Since Farah Galfond is the wife of famed player Phil Galfond, it was all but inevitable that Phil would get dragged into the mess. Stepuchin took care of that himself in a nasty, misogynistic tweet. Stepuchin wrote, "Good evening Phil. Hope you are having a relaxing evening at home with your 'Boss'. Apparently she’s got evil in her to wanna fk Cintia’s life up. A single Mom of two. How was 'The Boss' affected by any of this? She was not present. Good luck keeping her happy. @PhilGalfond".

That Stepuchin couldn't see the misogyny in his own behavior was rather amazing. Elsewhere in his Twitter feed, he wrote, "I simply asked Cintia and then we proceeded. Our country is getting too soft. I’m a staunch supporter for women in poker and have defended them at the tables always. I understand that some women think that this was a malicious act. Not my intention." Supporting women at the tables, though, isn't enough. Not being misogynistic means supporting all women in life's struggles; it's not like a cheap jacket one can put on or take off as circumstances make convenient.

I don't think any reasonable person thinks Stepuchin was being malicious. I've seen him in person and he instead comes off, in my personal opinion, as the type of person who craves attention and goes after it any way he can. There are quite a few people like that within the scope of any particular WSOP. In Stepuchin's case, however, he doesn't yet understand that even what he asked for from Amstalden, to join his prank video, also carried misogynistic undertones. Amstalden might even share some of Stepuchin's viewpoints, but when she's representing her employer, the employer's viewpoints and corporate reputation come into play as well. As do those state licensing codes, perhaps above all else.

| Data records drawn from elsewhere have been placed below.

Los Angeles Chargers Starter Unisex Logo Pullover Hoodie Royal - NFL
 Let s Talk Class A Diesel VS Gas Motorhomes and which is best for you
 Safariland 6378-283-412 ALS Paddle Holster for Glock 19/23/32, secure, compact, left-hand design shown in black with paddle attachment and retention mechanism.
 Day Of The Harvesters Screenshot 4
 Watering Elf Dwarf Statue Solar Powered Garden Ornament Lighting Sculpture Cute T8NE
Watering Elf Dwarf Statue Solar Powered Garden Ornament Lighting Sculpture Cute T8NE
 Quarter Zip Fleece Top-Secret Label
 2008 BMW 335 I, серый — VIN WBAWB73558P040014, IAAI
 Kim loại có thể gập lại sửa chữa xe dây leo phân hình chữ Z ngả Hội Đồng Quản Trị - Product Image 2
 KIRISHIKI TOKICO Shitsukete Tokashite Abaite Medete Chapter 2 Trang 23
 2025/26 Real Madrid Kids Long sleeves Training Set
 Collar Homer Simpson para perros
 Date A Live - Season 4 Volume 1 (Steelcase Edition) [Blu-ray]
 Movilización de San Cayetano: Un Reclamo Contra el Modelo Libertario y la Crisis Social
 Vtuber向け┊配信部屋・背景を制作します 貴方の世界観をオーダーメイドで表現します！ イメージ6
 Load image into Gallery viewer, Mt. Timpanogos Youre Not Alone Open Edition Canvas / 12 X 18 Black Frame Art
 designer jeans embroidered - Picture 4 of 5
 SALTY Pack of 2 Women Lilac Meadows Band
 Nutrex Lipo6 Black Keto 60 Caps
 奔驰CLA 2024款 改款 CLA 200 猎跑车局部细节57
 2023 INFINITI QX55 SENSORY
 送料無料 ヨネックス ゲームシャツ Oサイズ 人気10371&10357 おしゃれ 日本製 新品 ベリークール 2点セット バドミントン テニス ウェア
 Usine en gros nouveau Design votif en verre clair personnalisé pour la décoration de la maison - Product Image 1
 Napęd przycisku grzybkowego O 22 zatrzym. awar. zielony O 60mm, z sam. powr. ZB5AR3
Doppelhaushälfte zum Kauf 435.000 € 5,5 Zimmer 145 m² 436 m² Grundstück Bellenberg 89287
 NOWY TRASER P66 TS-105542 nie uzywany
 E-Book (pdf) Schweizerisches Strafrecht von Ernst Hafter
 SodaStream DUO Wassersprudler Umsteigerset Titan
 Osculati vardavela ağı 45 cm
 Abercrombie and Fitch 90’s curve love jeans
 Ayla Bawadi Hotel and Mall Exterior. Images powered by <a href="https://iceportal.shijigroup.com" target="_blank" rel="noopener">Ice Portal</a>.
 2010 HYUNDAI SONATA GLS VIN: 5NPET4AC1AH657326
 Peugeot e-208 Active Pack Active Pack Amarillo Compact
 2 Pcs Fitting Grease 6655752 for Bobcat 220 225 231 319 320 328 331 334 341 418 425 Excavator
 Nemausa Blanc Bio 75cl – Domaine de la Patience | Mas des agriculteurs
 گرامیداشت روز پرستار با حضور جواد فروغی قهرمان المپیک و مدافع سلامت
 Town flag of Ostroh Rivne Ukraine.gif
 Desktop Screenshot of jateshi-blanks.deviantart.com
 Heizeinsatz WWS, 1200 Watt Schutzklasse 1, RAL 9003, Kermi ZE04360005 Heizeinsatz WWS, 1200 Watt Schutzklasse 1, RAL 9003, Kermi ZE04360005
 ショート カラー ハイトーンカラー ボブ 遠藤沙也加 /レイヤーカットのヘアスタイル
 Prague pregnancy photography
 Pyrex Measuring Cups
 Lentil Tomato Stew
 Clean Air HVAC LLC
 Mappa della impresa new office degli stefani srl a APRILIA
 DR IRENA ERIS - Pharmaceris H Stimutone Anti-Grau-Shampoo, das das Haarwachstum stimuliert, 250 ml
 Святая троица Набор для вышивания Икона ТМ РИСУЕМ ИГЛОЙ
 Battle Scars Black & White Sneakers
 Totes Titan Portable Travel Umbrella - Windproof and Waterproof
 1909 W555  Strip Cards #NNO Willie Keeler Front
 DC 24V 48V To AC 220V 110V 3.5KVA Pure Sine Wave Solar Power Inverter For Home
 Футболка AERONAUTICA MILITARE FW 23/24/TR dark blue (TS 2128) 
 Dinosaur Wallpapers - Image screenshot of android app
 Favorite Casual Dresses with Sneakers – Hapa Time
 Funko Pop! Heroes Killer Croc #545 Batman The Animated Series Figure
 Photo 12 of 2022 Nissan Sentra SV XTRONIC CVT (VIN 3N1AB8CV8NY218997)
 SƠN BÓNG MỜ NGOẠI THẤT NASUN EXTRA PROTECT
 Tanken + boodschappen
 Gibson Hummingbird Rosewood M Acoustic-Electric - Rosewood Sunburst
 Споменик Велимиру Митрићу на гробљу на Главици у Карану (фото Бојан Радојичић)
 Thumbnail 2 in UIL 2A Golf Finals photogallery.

If Stepuchin's "Our country is getting too soft" is how he defends misogynistic behavior, then that's a problem. It's unfortunately yet another facet of a large, large sexism issue that poker struggles to address. It's not going to get totally fixed any time soon, much as anyone might hope.

Stepuchin does deserve some credit amid the quagmire. He started a GoFundMe to try to raise living expenses for Amstalden after her planned WSOP summer work ended rather badly. Stepuchin himself, according to information posted at that fundraiser, has also given Amstalden $5,000 to help defray her immediate living expenses. It's still an unfortunate situation all around, with no easy or good solution to be had. Mistakes have consequences, indeed. Most of us are just fortunate enough to have dodged situations such as this, where a minute or so of unthinking can undo a good chunk of a lifetime's effort. It saddens me, as I'm sure it does many others. And remember, in this particular episode, none of our personal opinions really matter much at all.